His focus has been on first year textbooks. They wanted to free up library resources. What they have tried to achieve with their project is to make sure the university funds the texts from a different budget. This should allow the library to focus on the core function: to cater to journals and specialist books (as well as nice comfortable places to chat).

The project started in 2011. They began by giving all first year students a set of 12 textbooks. They were given a code to download personal copies of all texts. It was so successful they decided to extend to second year students as well as six other programmes in the faculty. In 2013, they added a few more programmes. All this was funded from School, not library budgets.

In September 2014 they covered 4,062 students rising to c. 7000 including Plymouth Business School (reaching every student on every level of their course). There are 192 modules, 109 Programmes and 25,931 books (from c.600 titles) covered, plus the Business School. It's interesting to note that both Geography and the Business School have pulled back from it, primarily due to cost.

They post links to each of the books on the course website. The student clicks on the book link to open the online version to browse or set up an account to download (once authenticated through usual systems). The students download the books in perpetuity. If they don't set up an account they won't be able to access the books after they leave the university. Crucially, the books can be accessed offline e.g. when they are on their mobile and the signal is patchy (quite common in the South West).

It has been very successful, but there some issues when you come to scaling. He felt they didn't do as good a job of implementing it as he would like, so was pleased to see a student and staff approval level of over 90%. It's unusual to persuade a lecturer that change is a good thing, so the high staff approval was a real success!

Even more encouraging was the 38% who said they were influenced to come to Plymouth when making their course choice. It was a factor that helped with the cost, but also as an innovative approach to finding a way to help students succeed.

They have focused in on evidence of ways to improve performance on a course and have found this to be the case. It is good for them, the lecturers, to help them do their job more effectively, but also for the university, who have happy students.

Unsurprisingly, there have been challenges. Libraries are learning to negotiate with publishers in this way: negotiating from a point of view of 'this is all the money I have.' They also prefer ePub format as it is a better experience for multi-devices.

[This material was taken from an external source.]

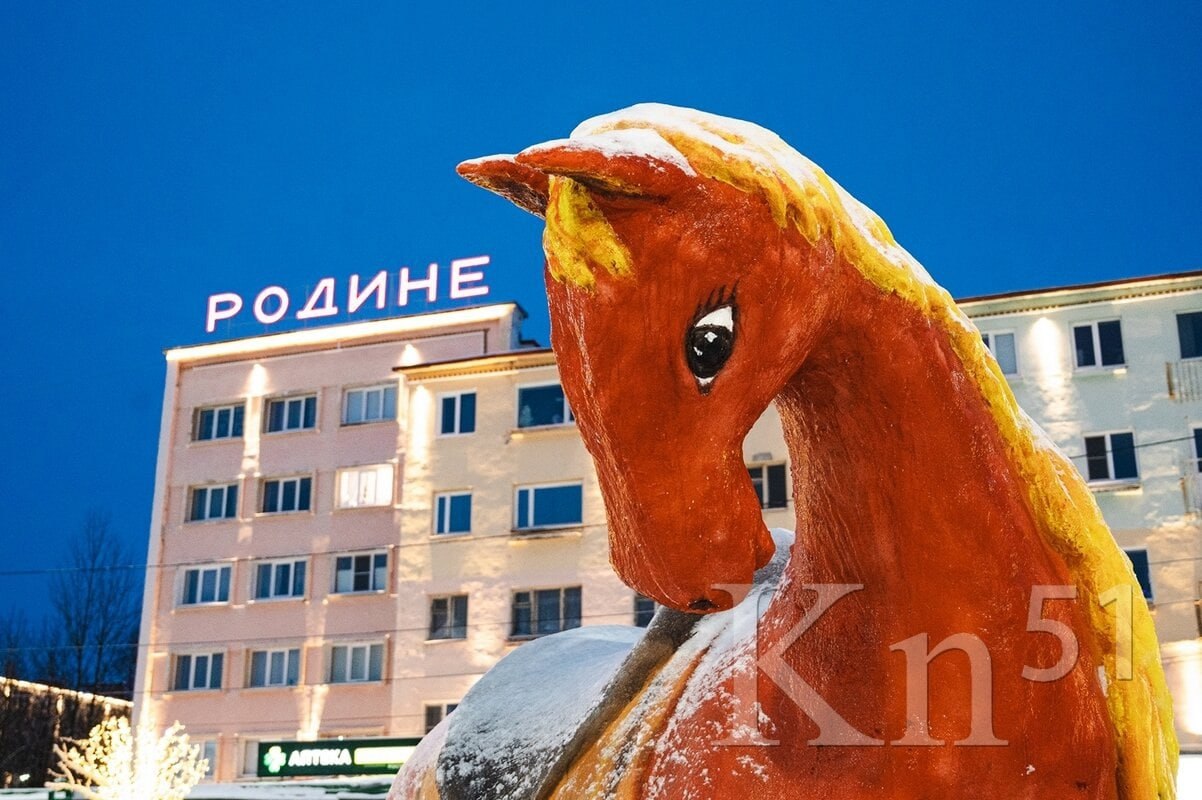 Доброе утро, Заполярье!. На главной площади Мончегорска завершили работу над снежной огненной лошадью – символом наступающего года Доброе утро, Заполярье!. На главной площади Мончегорска завершили работу над снежной огненной лошадью – символом наступающего года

Gee believes this is good for publishers as income is much more predictable. Students are used to getting content for free, so dealing with institutions is a more reliable deal. Multi-year deals have cost and market advantages. Inertia can set in and universities are less likely to pirate content.

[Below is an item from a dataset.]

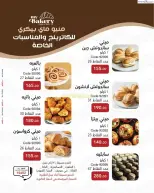 عروض ماى واى مصر من ١ حتى ٣٠ أبريل ٢٠٢٦ عروض عيد الربيع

They have buy-in at a senior institutional level who are keen to continue. The biggest barrier to this is getting the right price. Gee believes price is a key deciding factor for universities to buy in to this if the price is low enough (talking c.£50 for an entire student list). He feels the sales will come. He also sees this as a way to halt declining student sales - 58% of first years buy a book. The mean number of books = 2.2, median = 1. the mean spend per student = £62.33 retail.

However, he feels this is a window of opportunity that is closing. Many institutions have now ended all their incentives such as free iPads. People are less worried about recruitment now the higher fees are established. There is more interest in the university as publisher and in alternatives to textbooks. A lot of publishers are investing in adaptive learning systems, but these won't get beyond the niche. PLEASE put the technology in ePub3!

Gee closed by saying they want to develop new partnership and ways of thinking about content and the best way to do this is via collaborative partnerships. But be warned, the moment may be passing.

Phil Gee spoke at the Personalised Learning and Publishing Partnerships seminar.